The court’s decision comes after officials uncovered a database error that for two decades mistakenly designated the voters as having access to the full ballot. The voters already were entitled to cast ballots in federal races, including for president and Congress, regardless of how the court ruled.
The secretary of state, Adrian Fontes, a Democrat, and Stephen Richer, the Republican Maricopa County recorder, had disagreed on what status the voters should hold. Richer asked the high court to weigh in, saying Fontes had ignored state law by advising county officials to let affected voters cast full ballots.
Fontes said not allowing the voters who believed they had satisfied voting requirements access to the full ballot would raise equal protection and due process concerns.
The high court, which leans Republican, agreed with Fontes. It said county officials lack the authority to change the voters’ statuses because those voters registered long ago and had attested under the penalty of law that they are citizens. The justices also said the voters were not at fault for the database error and mentioned the little time left before the 5 November general election.
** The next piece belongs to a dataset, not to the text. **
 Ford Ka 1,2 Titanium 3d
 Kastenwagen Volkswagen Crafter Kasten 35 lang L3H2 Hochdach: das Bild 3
“We are unwilling on these facts to disenfranchise voters en masse from participating in state contests,” the chief justice, Ann Scott Timme, wrote in the ruling.
Of the nearly 98,000 affected voters, most of them reside in Maricopa County, which is home to Phoenix, and are longtime state residents who range in age from 45 to 60. About 37% of them are registered Republicans, about 27% are registered Democrats and the rest are independents or affiliated with minor parties.
Arizona is unique among states in that it requires voters to prove their citizenship to participate in local and state races. Voters can demonstrate citizenship by providing a driver’s licence or tribal ID number, or they can attach a copy of a birth certificate, passport or naturalisation documents.
Arizona considers drivers’ licences issued after October 1996 to be valid proof of citizenship. However, a system coding error marked nearly 98,000 voters who obtained licences before 1996– roughly 2.5% of all registered voters – as full-ballot voters, state officials said.
The error between the state’s voter registration database and the Motor Vehicle Division has since been resolved.
That number of votes could tip the scales in hotly contested races for the state Legislature, where Republicans hold a slim majority in both chambers.
Voters are also deciding on the constitutional right to abortion and on a state law that would criminalise non-citizens for entering Arizona through Mexico at any location other than a port of entry.
Though Richer and Fontes disagreed over the status of the voters, both celebrated the court’s ruling.
“Thank God,” Richer said on the social platform X. He told the Associated Press on Thursday that maintaining voters’ statuses would be administratively easier.
Fontes called the ruling a “significant victory for those whose fundamental right to vote was under scrutiny”. Election officials will be contacting voters who need to update their proof of citizenship after the election, he said.